Task item >>
Since the entries below must stay intact, return each one exactly.

Given data >>

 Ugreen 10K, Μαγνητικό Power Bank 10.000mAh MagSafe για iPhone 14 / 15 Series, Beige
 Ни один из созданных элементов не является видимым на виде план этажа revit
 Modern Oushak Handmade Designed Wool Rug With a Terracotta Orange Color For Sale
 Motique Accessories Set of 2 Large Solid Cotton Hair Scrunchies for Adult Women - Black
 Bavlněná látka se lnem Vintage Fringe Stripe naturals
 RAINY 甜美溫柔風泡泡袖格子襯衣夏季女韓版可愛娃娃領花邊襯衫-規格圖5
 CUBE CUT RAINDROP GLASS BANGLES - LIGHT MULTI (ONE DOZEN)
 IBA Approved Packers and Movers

Result of this exercise >>
 Ugreen 10K, Μαγνητικό Power Bank 10.000mAh MagSafe για iPhone 14 / 15 Series, Beige
 Ни один из созданных элементов не является видимым на виде план этажа revit
 Modern Oushak Handmade Designed Wool Rug With a Terracotta Orange Color For Sale
 Motique Accessories Set of 2 Large Solid Cotton Hair Scrunchies for Adult Women - Black
 Bavlněná látka se lnem Vintage Fringe Stripe naturals
 RAINY 甜美溫柔風泡泡袖格子襯衣夏季女韓版可愛娃娃領花邊襯衫-規格圖5
 CUBE CUT RAINDROP GLASS BANGLES - LIGHT MULTI (ONE DOZEN)
 IBA Approved Packers and Movers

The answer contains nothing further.